Post-PRISM, Google Confirms Quietly Moving To Make All Searches Secure, Except For Ad Clicks

Not ProvidedIn the past month, Google quietly made a change aimed at encrypting all search activity — except for clicks on ads. Google says this has been done to provide “extra protection” for searchers, and the company may be aiming to block NSA spying activity. Possibly, it’s a move to increase ad sales. Or both. Welcome to the confusing world of Google secure search.

Two Years Ago: Secure Searching For Logged-In Users

In October 2011, Google began encrypting searches for anyone who was logged into Google. The reason given was privacy. Google said it wanted to block anyone who might potentially be eavesdropping on a string of searches made by an individual and also prevent the actual search terms themselves from being seen by publishers, as some of them might be too “private” to reveal.

This Month: Secure Searching Being Made Default For Everyone

Now, Google has flipped on encryption for people who aren’t even signed-in. When asked about this last week, Google confirmed the shift, saying:

We added SSL encryption for our signed-in search users in 2011, as well as searches from the Chrome omnibox earlier this year. We’re now working to bring this extra protection to more users who are not signed in.

I sent a series of follow-up questions to Google after getting that statement and am still waiting for a response to them, so I’ll update as I hear more. Is this worldwide? How soon until it happens for everyone?

A Sudden Change

One key question is “Why so suddenly?,” what prompted Google to make such a change out of the blue. And it was sudden.

When searches are encrypted, search terms that are normally passed along to publishers after someone clicks on their links at Google get withheld. In Google Analytics, the actual term is replaced with a “Not Provided” notation.

Over the past two years, the percentage of search terms as “not provided” has increased as Mozilla’s Firefox in July 2012Apple’s Safari browser in iOS 6 in September 2012 and Google’s own Chrome browser in January 2013 have used encrypted search, even when people aren’t signed in at Google.

That’s lead to a steady increase but not giant leap in “not provided” activity.
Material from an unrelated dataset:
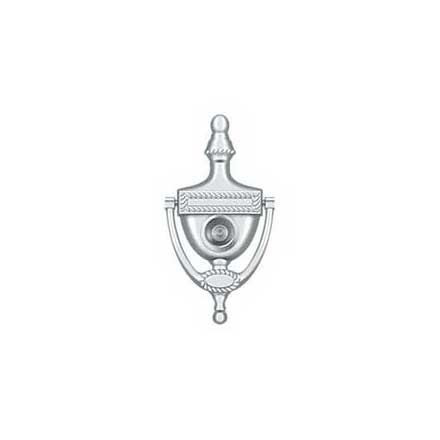 Deltana [DKV6RU26] Solid Brass Door Knocker - Victorian Rope w/ Viewer - Polished Chrome Finish - 6&quot; H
But in the past month, the increased encryption on Google’s side has produced a dramatic spike:

Not Provided Count - Charting the rise of (not provided) in Google Analytics-1

The chart above is from a site called Not Provided Count, and it tracks the percentage of terms being withheld across 60 different web sites. You can see the spike that began around the week of September 4 and which currently shows almost 75% of terms being withheld.

It was after viewing this chart on Friday that I asked Google if there had been some type of change, because the percentage of not provided terms can also vary from site to site — or even for “basket” of sites for different reasons. As noted, the change is real, and confirmed by Google.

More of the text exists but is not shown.